Almost all of that move was finished before the extremely slow overnight session began. Asia didn't seem to react much, but markets took on a skeptical stance into European hours. The picture soon came into view of Thursday's "base-hit" merely amounting to a pop fly, quickly falling back to earth.
And now this morning, domestic traders have finished off the skepticism that began in Europe with the earliest risers selling stocks and buying bonds ahead of the 8am open with the hour and a half of trading since then confirming the move. In other words, the ball is back on the same ground that it was before yesterday afternoon's base hit.
Fannie 3.0s are up 4 ticks at 104-29, right in line with yesterday's best levels. 10yr yields are back down to 1.706, right in line with yesterday's lows and S&P futures have slumped just over 10 points since yesterday's close.

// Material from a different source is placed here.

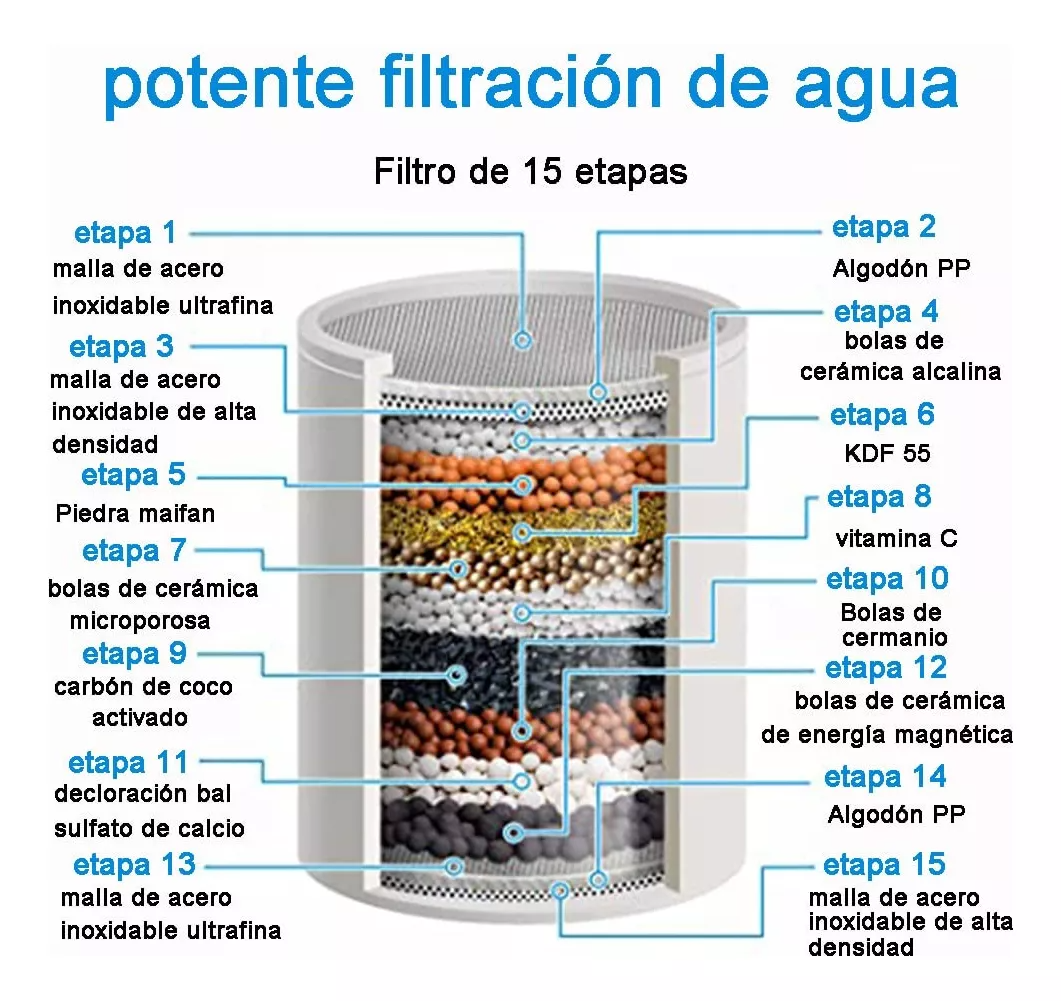 Filtro De Ducha Filtro Regadera Purificador Agua Universal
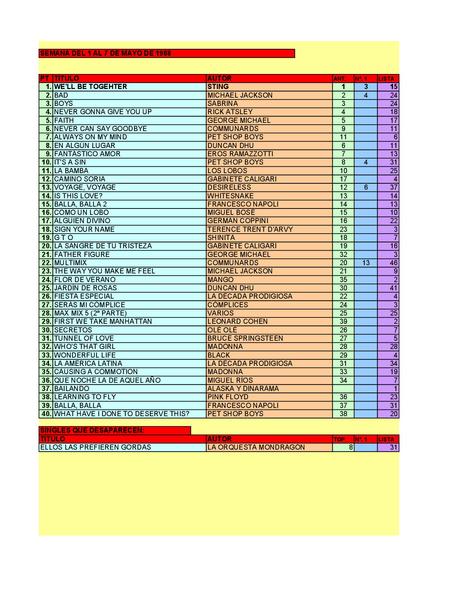 LA GRAMINOLA – NÚMERO 23 – 3 DE MAYO DE 2018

The game, however, isn't over yet, and there's at least one more meaningful pitch this week. The President hosts Congressional Majority/Minority leaders in closed door meetings at the white house. "There's the wind-up!" The "pitch" will come if we get any actionable soundbytes following the talks. The risk to bond markets is that the meeting's conclusion amounts to another, more solid "hit" for risk markets, potentially hearkening an 11th hour deal, destined for legislative Hail Mary's beginning with the House's Sunday session.
For now, markets continue to look like they're mostly just waiting for the pitch before they take off running. That said, the domestic stock market open has seen a slight uptick in equities in the first 5-6 minutes of trading and a bit of pressure on bond markets as a result. The nice thing about all this Fiscal Cliff trading is that the "stock lever" has been quite well connected as markets trade broad "risk-on vs risk-off" concepts, just like the good old days. The risk is that equities markets muster more optimism about the "pitch" that's probably coming later today, forcing bond markets to take up a more defensive stance ahead of time.
Chicago PMI data is coming up at 9:45am followed by Pending Home Sales at 10am. Volume has been fairly low this morning, so with nothing better to swing at for now, markets may try their luck with some sort of reaction to the PMI data by way of warm-up for their actual "at-bat" following whatever news is produced by today's meeting.